--- PROVIDED DATA Enclosed Below ---
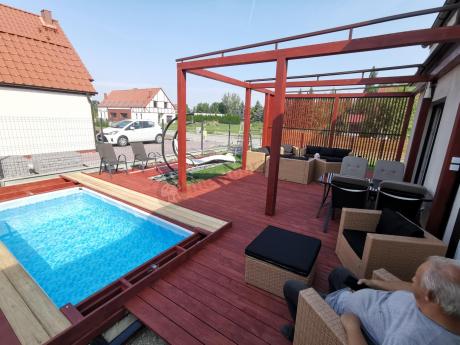 Komplet ogrodowy z sofą trzyosobową i fotelami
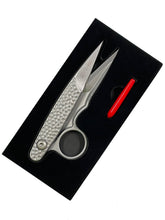 Load image into Gallery viewer, PIN Stainless Steel Textured Thread Snip
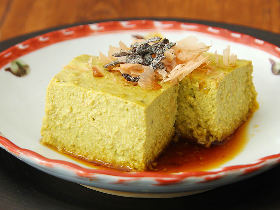 牡蠣をつぶして作る「牡蠣豆腐」の濃厚なうまみに感動！ 基本の作り方と簡単アレンジ【旬レシピ】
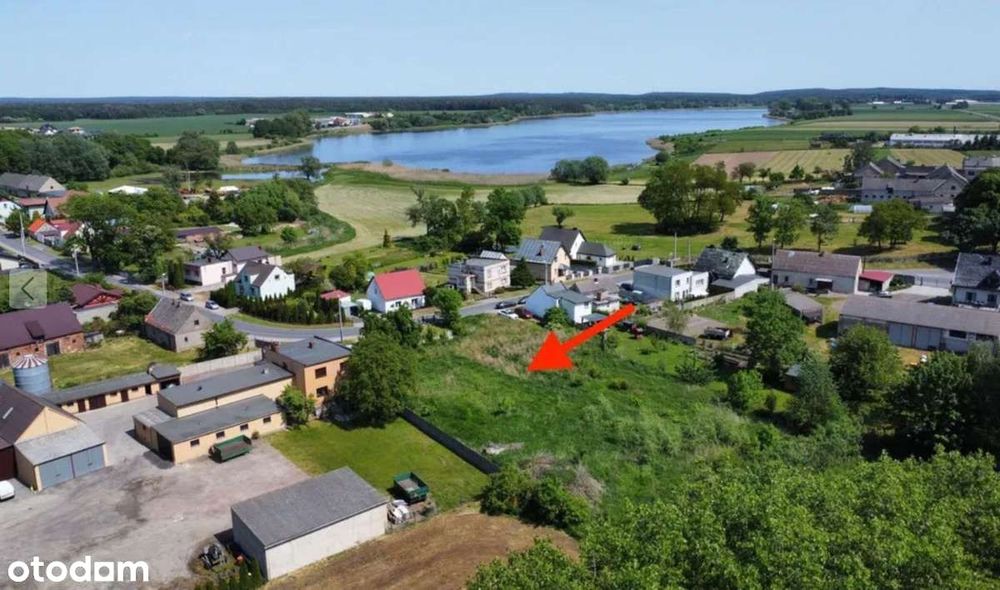 Działka budowlana z widokiem na jezioro z wydanymi WZ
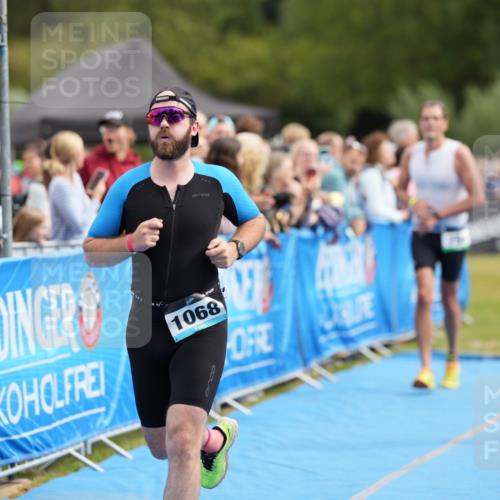 30.08.2026 - Elbe Triathlon Hamburg LAZAROV Photography http://msf.ph/oto/10028100 30.08.2026 11:28:03 Ziel 587, 754, 1065, 1068, 1103 meine-sportfotos.de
--- End of Enclosed PROVIDED DATA ---
The answer must be the whole listing, word for word, with no pictures in it. Please write it out.

 Komplet ogrodowy z sofą trzyosobową i fotelami
 Load image into Gallery viewer, PIN Stainless Steel Textured Thread Snip
 牡蠣をつぶして作る「牡蠣豆腐」の濃厚なうまみに感動！ 基本の作り方と簡単アレンジ【旬レシピ】
 Działka budowlana z widokiem na jezioro z wydanymi WZ
 30.08.2026 - Elbe Triathlon Hamburg LAZAROV Photography http://msf.ph/oto/10028100 30.08.2026 11:28:03 Ziel 587, 754, 1065, 1068, 1103 meine-sportfotos.de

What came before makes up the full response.